Most of the body's calcium is in the bones and teeth, but some of it
circulates in the blood for these important tasks. Calcium is found
naturally in many dairy products, leafy green vegetables, and fish.
Because humans cannot make calcium, it must be obtained from foods or
supplements.
Overview
Many people, especially women, can benefit from keeping up
with their calcium intake to help prevent bone problems such as
osteoporosis. Calcium supplements will not slow the growth of most
cancers, although they appear to reduce the risk of precancerous polyps
of the colon. Calcium supplements may be important for some people with
cancer, depending on their specific cancer type and stage and the type
of treatments received.
How is it promoted for use?
Calcium is best known for its role in growing and maintaining
the bones and teeth. It also helps the heart and other muscles do their
work. There is strong evidence that low calcium intake can lead to
fragile bones, high blood pressure, and certain types of cancer. Recent
studies have shown that calcium may reduce the risk of colon cancer and
perhaps some other types of cancer. When combined with vitamin D,
calcium may have the potential to help prevent cancers of the breast
and pancreas. Calcium has also been found helpful in reducing certain
symptoms of premenstrual syndrome. There is some early evidence that
calcium may play a role in helping to prevent heart disease and
reducing insulin resistance in diabetic patients.
Because calcium plays a crucial role in building and
maintaining bone mass and strength, its greatest benefit to people with
cancer may be to reduce the risk of osteopenia (reduced bone mass) and
osteoporosis, a condition that results in fragile bones and a severe
loss of bone mass and strength. Both conditions are linked mainly with
aging, and osteoporosis is a common problem for women after menopause.
Osteopenia and osteoporosis can also result from poor nutrition,
prolonged drug therapy, disease, and poor mobility, all of which may
apply to people who have cancer.
What does it involve?
The body's use of calcium is complex. It is affected by many
hormones and factors other than how much calcium a person eats or takes
in. There are many ways to treat bone problems and calcium imbalance in
the body, depending on their cause.
The best source of calcium is a balanced diet, which helps to
avoid bone problems and decreases the risk of some types of cancer.
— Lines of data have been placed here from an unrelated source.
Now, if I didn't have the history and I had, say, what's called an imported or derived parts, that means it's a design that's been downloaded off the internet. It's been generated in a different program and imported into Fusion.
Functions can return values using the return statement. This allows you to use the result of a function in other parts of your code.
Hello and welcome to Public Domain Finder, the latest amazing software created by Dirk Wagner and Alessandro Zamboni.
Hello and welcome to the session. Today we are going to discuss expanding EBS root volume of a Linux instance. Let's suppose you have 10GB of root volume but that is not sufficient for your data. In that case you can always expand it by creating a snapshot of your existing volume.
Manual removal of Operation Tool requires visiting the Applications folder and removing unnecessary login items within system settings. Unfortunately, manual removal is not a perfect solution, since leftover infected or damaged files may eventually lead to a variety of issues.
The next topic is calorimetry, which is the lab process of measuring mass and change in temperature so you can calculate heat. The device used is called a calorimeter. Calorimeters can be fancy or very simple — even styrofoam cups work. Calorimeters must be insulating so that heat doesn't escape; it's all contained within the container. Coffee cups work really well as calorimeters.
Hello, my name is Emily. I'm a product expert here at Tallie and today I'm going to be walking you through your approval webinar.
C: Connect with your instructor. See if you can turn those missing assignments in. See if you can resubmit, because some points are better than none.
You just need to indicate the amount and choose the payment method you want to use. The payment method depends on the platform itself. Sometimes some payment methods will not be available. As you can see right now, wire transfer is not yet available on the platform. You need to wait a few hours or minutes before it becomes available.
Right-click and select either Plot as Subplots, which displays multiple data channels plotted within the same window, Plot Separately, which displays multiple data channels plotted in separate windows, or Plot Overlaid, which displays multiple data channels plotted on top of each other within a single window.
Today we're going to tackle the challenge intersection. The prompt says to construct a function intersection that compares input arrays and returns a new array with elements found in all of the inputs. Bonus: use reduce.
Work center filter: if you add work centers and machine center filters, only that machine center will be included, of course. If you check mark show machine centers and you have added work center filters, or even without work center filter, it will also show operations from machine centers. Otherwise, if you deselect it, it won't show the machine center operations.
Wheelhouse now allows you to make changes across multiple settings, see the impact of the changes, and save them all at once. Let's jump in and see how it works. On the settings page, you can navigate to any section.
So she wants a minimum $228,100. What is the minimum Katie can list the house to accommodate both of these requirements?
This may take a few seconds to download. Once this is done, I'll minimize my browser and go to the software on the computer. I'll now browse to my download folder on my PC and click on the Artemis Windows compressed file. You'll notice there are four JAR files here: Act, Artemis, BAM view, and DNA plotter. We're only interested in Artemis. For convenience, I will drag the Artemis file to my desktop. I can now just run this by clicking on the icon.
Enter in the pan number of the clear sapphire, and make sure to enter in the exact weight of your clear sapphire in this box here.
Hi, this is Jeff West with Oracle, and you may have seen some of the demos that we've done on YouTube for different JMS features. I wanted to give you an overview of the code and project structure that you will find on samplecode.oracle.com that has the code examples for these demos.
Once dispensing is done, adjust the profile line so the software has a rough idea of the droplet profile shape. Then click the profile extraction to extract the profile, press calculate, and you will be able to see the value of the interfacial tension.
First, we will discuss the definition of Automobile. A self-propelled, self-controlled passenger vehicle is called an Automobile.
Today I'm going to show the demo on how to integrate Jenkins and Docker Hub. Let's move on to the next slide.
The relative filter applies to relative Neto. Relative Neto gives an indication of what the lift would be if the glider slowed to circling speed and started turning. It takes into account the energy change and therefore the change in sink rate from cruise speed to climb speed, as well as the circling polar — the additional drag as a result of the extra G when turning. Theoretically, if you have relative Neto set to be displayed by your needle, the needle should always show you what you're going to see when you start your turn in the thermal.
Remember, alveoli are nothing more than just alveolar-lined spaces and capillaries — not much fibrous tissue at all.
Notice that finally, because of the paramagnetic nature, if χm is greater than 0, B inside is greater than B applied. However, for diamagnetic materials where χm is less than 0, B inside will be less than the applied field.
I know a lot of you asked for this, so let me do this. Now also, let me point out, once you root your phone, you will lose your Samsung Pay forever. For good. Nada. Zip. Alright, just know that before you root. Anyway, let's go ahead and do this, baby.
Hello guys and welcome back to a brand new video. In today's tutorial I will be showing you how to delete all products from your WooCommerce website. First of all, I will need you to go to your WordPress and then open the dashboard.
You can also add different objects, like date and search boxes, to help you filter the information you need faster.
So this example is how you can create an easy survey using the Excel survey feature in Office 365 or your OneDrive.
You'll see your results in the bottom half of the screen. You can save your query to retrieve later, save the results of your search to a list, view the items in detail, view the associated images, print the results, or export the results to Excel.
Foods and beverages high in calcium include milk and other dairy
products (low-fat products are healthier), leafy green vegetables such
as broccoli and greens, nuts, seeds, beans, tofu prepared with calcium,
cheese, dried figs, kelp, oysters, and canned fish that can be eaten
with the bones still in it, such as sardines and salmon. Certain brands
of cereals, orange juices, and soy milks are fortified with calcium and
are clearly marked as such on the label.
Although calcium intake from healthy foods is the best source,
calcium supplements are also available in drug stores, grocery stores,
and many health food stores. The Recommended Dietary Allowance (RDA)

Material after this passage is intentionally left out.